■ Available data ■
==================================================
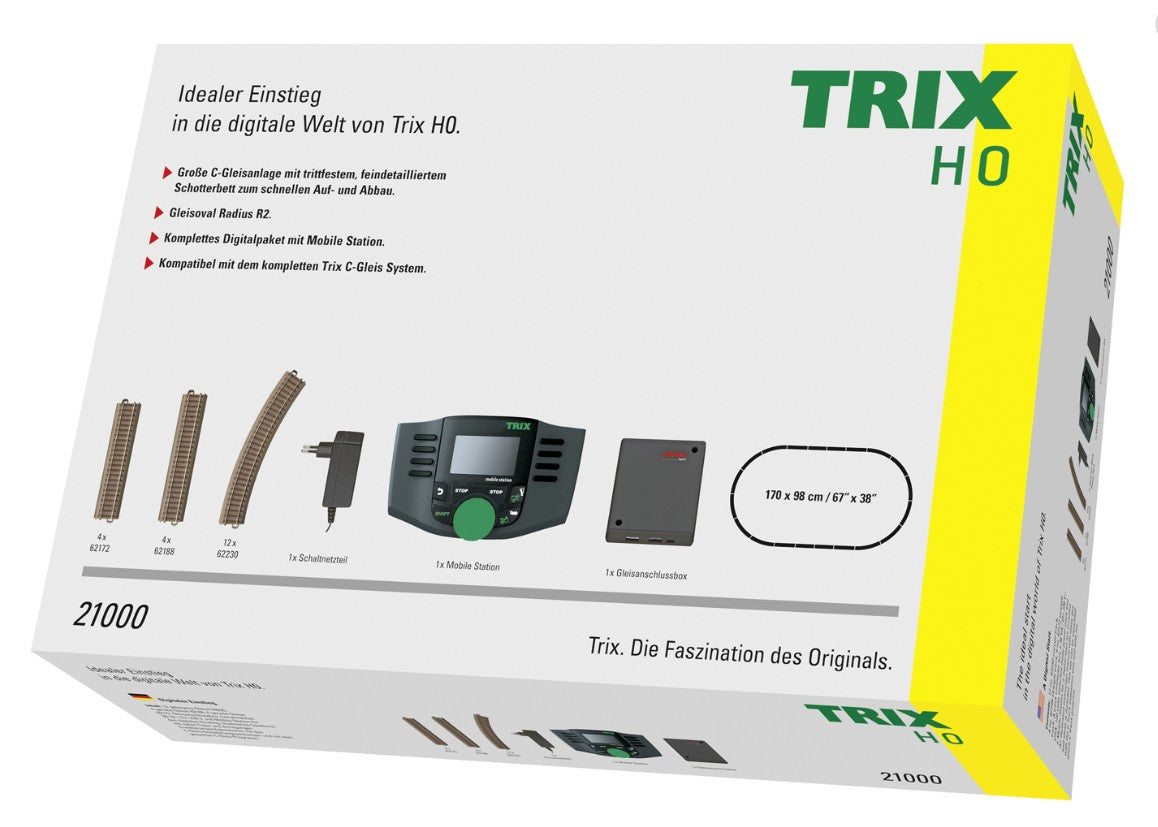 Trix HO 21000 Digital Starter Set with Mobile Station 2026 New Item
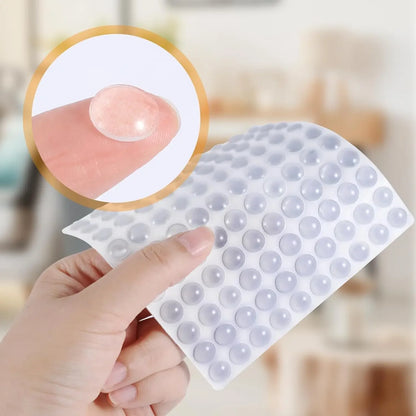 300/100Pcs Self Adhesive Door Stopper Rubber Damper Buffer Cabinet Bumpers Silicone Furniture Pads Cushion Protective Pads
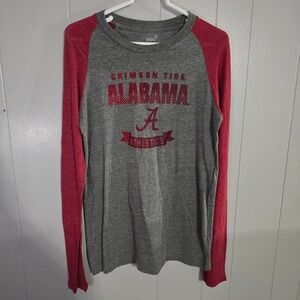 Crimson Tide Alabama Roll Tide Raglan Long Sleeve Tee Shirt‎ Men's XL
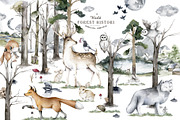 Fall in Forest Autumn Mood, an Animal Illustration by Ann Art Houze (Thumbnail 2 of 22)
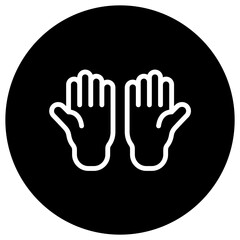 Gloves Vector Icon Design Illustration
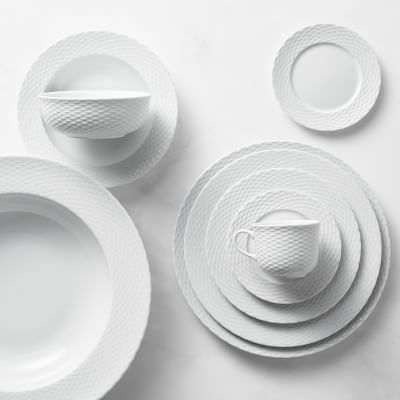 Pillivuyt Basketweave Porcelain Dinnerware Collection | Williams-Sonoma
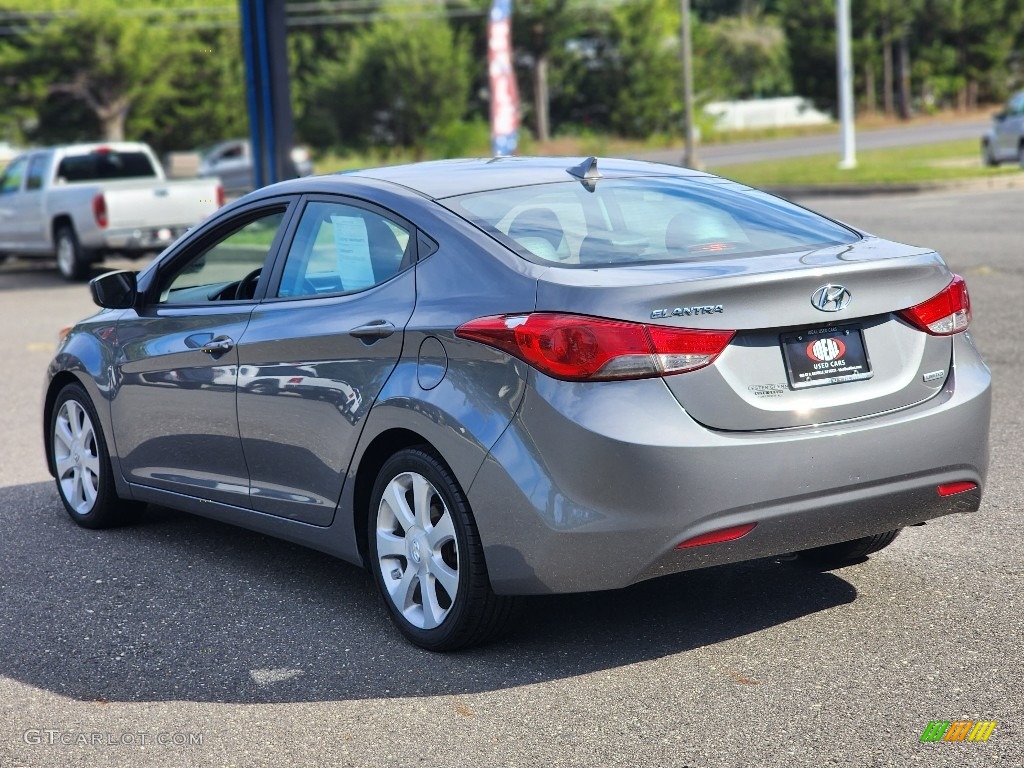 2013 Elantra Limited - Silver / Gray photo #6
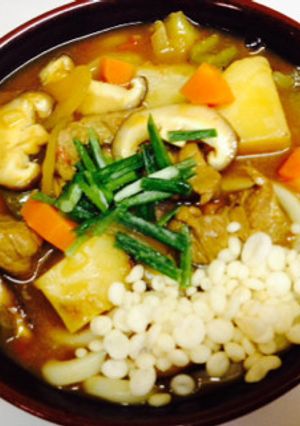 残ったカレーフライパンで簡単カレーうどん-レシピのメイン写真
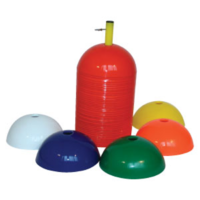 BUFFALO SPORTS ROUND DOME TRAINING MARKERS - SET OF 10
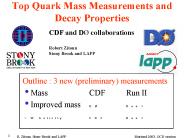 Top Quark Mass Measurements and Decay Properties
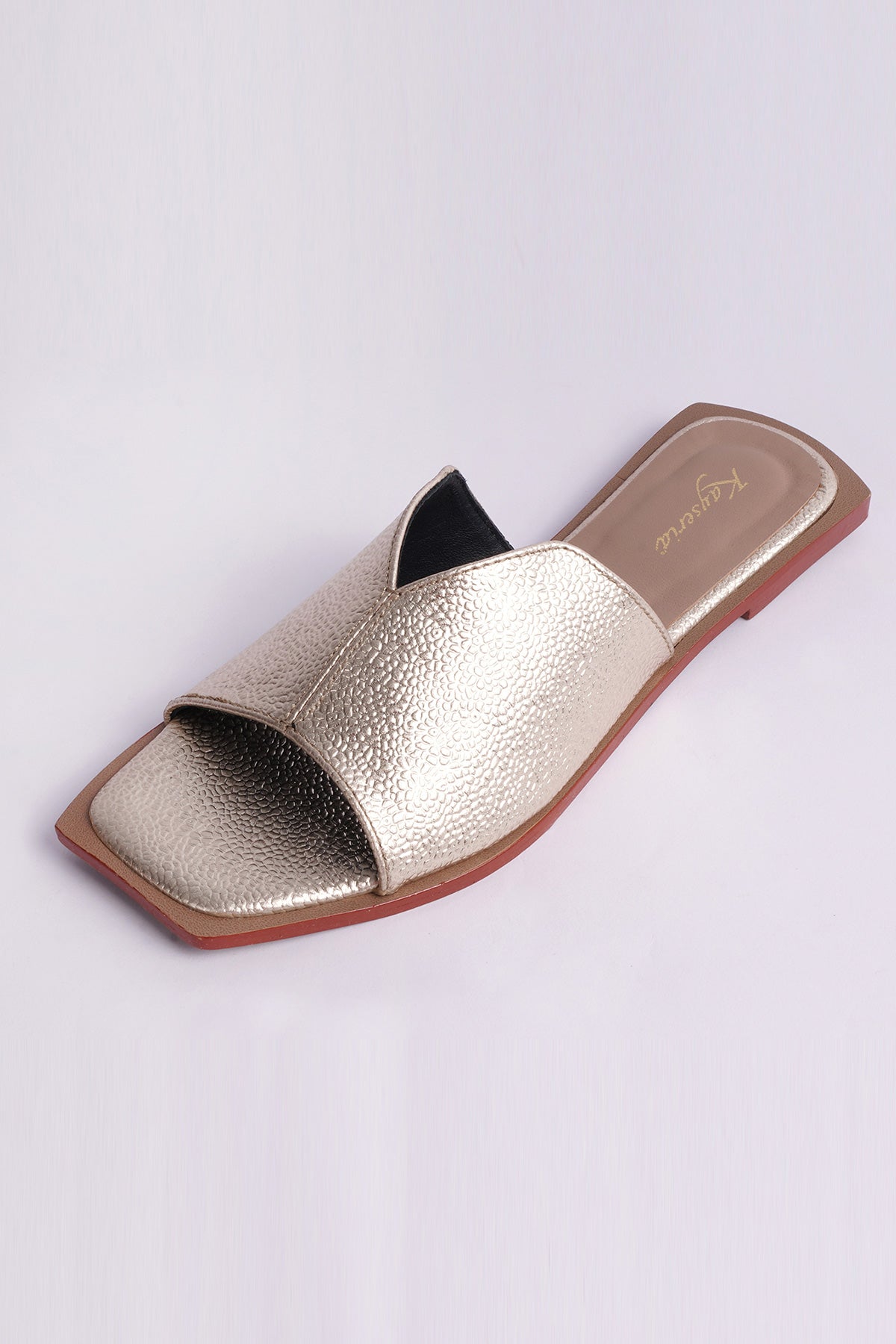 Kayseria - 1 Piece Pure Leather Chappal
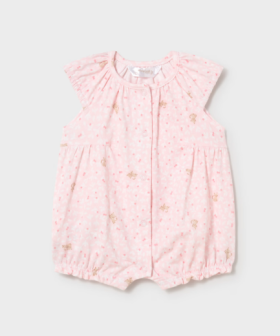 Mayoral Print Gathered Romper Style 1707 - Baby Rose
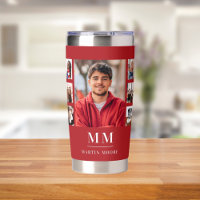 Nombre del monograma del collage de fotografías ro
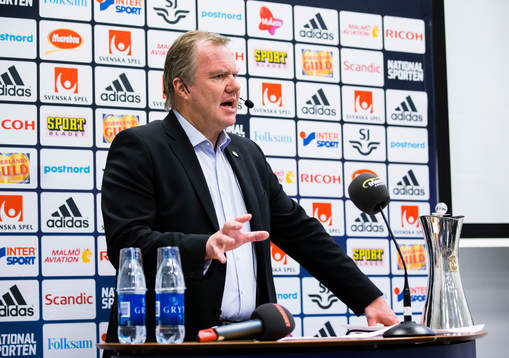 Svenska Fotbollförbundets ordförande, Karl-Erik Nilsson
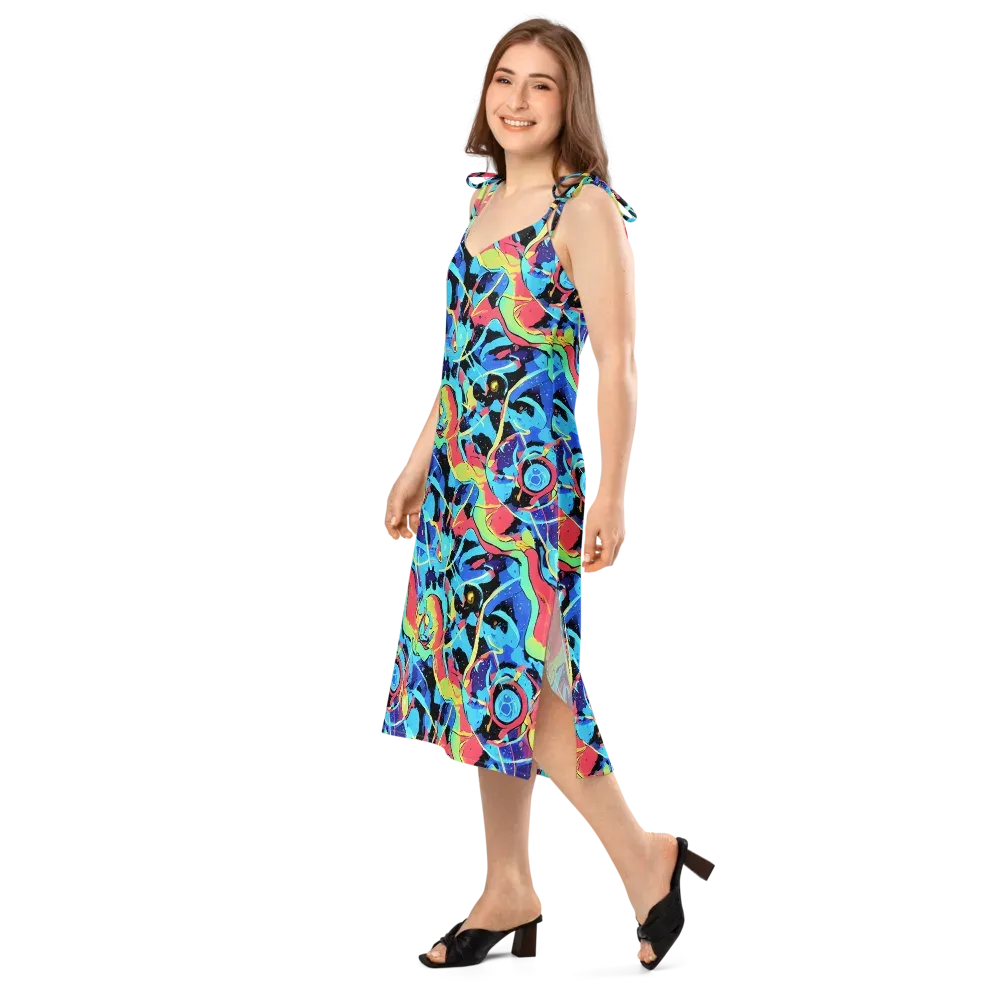 Aqua Mayhem on Slip Dress — Left Front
==================================================
■ Your goal ■
Restate word for word the lines above that start at the line containing "Kayseria - 1 Piece Pure Leather Chappal" and run to the end of the listing; exclude the pictures.

■ Result of this task ■
 Kayseria - 1 Piece Pure Leather Chappal
 Mayoral Print Gathered Romper Style 1707 - Baby Rose
 Nombre del monograma del collage de fotografías ro
 Svenska Fotbollförbundets ordförande, Karl-Erik Nilsson
 Aqua Mayhem on Slip Dress — Left Front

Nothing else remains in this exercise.